Saturday, September 22, 2007

Understanding neurons - a Eureka moment

Finally, a Eureka moment in my pursuit of how the neuron works. Much of what I’ve been studying, through lectures and reading, is actually pretty straightforward, and pretty much anyone who has time to sit in class and read textbooks could get the gist of it. But I’ve always been stumped by the electrical part. Electricity is what kicked my butt out of physics back in my freshman year, and it’s been befuddling me this fall. I could always see the logic in the equations that represent current and voltage. But it’s so hard to visualize what’s actually happening. Neurons function by creating an “electrical potential.” And tonight I finally can see how and why that happens. I’ve re-read the textbook chapter several times, and I’ve even taken to reading other textbooks on the topic, to see if they explain more clearly, and one of them did, by going into greater depth (instead of trying to simplify and gloss over the details).

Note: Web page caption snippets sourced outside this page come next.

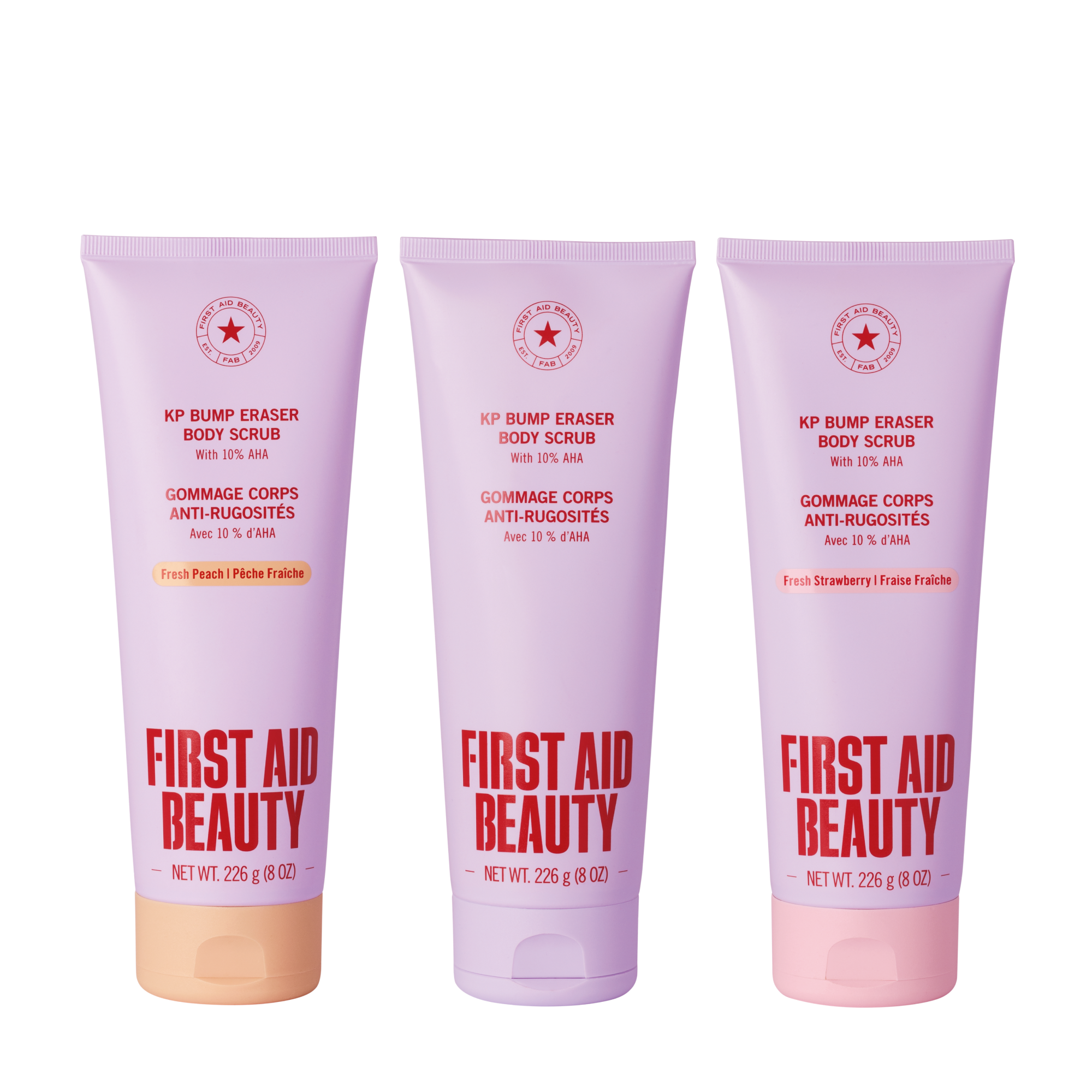 KP Body Scrub Trio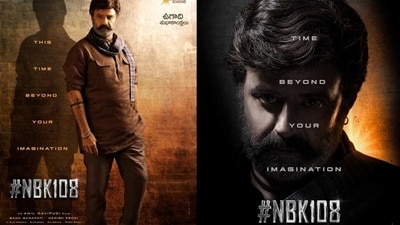 The upcoming Telugu film also stars Kajal Aggarwal and Sreeleela alongside Nandamuri Balakrishna. The upcoming Telugu film also stars Kajal Aggarwal and Sreeleela alongside Nandamuri Balakrishna.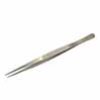 Tweezers SS Cross Bent Curved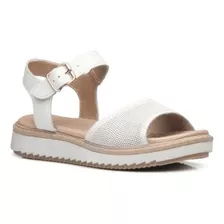 Sandália Feminina Flatform Pegada 233664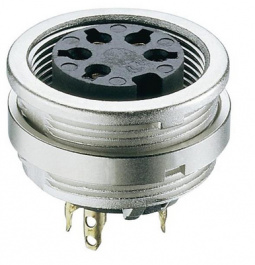 KFV 50, Appliance socket KFV 5-pin, 5 Poles, Lumberg Connect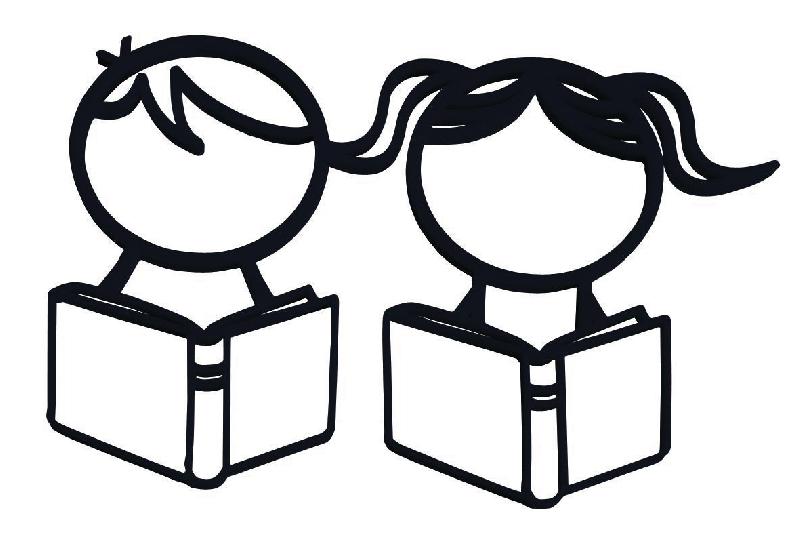 PICTOGRAMME NEOSIGN 3D MUR BIBLIOTHÈQUE NOIR - MANUTAN COLLECTIVITÉS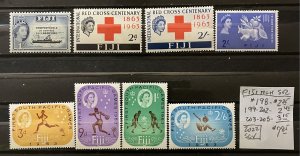 Fiji MLH Selection #198-205- SCV=$7.85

Basically, the complexity of neurons (and all biology, really) comes from a series of chemical reactions that happen in chain-reaction form, cascading one after another. For example, you end up with: the 12 steps to transform molecule-A into molecule B; or the seven steps in moving K ions and N ions. I’m not attempting to memorize all of these, or any of them really. But it is exciting and rewarding to understand what’s involved. It’s sort of like learning how a car’s engine works: If you don’t work on it regularly, you won’t remember the details, or even all of the vocabulary, but you’ll retain a general sense of how it works, and an appreciation of what’s most critical and what can go wrong. And if something does go wrong or needs to be changed, you have a context to at least discuss it. That’s how I’m starting to feel now about neurons and synapses.